MGM Resorts has made inroads into the New York City area market, with the purchase of the Empire City Casino and Yonkers Raceway for $850 million.
The global giant will pay total consideration of approximately $850 million, subject to customary working capital and other adjustments, including the refinancing of Empire City’s outstanding debt, which is expected to be approximately $245 million at the time of closing.
MGM also expects that approximately $260 million of the remaining consideration will be in the form of MGM Resorts common stock. There is also an agreement for MGM to pay additional consideration of $50 million if Empire City is awarded a licence for live table games on or prior to 31st December 2022 and MGM Resorts accepts such license by 31st December 2024.

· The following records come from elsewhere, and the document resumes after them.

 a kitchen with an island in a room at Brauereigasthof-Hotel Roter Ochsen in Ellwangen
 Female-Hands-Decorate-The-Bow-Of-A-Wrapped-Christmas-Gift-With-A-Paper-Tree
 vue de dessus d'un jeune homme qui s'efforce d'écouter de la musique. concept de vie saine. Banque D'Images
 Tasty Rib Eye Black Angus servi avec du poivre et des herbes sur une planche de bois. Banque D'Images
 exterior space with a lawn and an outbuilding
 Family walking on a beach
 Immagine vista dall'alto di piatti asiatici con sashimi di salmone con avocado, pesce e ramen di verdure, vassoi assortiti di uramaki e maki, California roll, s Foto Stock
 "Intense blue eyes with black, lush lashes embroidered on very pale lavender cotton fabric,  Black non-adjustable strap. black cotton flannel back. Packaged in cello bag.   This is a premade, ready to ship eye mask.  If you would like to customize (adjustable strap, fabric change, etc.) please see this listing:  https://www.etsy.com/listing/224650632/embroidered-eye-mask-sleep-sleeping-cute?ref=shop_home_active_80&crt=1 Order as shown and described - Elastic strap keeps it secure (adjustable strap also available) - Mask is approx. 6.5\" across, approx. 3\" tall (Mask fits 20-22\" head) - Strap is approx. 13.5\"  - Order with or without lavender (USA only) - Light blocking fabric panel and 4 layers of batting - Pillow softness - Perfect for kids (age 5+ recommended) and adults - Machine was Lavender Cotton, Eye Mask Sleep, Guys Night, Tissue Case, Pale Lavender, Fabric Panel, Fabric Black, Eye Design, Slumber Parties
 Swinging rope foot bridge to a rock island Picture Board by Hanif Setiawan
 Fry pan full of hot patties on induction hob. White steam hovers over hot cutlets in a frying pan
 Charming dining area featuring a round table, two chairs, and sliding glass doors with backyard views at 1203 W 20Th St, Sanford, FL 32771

“We are excited to announce the addition of Empire City to the MGM Resorts portfolio,” said Jim Murren, Chairman and CEO of MGM Resorts International. “This acquisition represents an excellent opportunity to further solidify our presence on the East Coast, and in particular, expand our reach into the high-density New York City region. We believe this transaction enhances our free cash flow profile and presents attractive future opportunities for the Company, and we look forward to welcoming the Empire City team and guests to the MGM Resorts family.”
“With Empire City’s approximately 40% share of gross gaming revenues in the market, we believe there are significant opportunities for MGM Resorts to further drive growth,” said Dan D’Arrigo, Executive Vice President and Chief Financial Officer of MGM Resorts International. “We believe the transaction will be value-accretive within its first year of closing, with incremental revenue synergies expected to support growth in 2020 and beyond.”
D’Arrigo added: “Following the sale of the developed real property to MGP, the net purchase price to MGM Resorts of approximately $225 million represents a multiple of less than 6 times Adjusted EBITDA, inclusive of expected operational synergies and identified revenue growth opportunities.”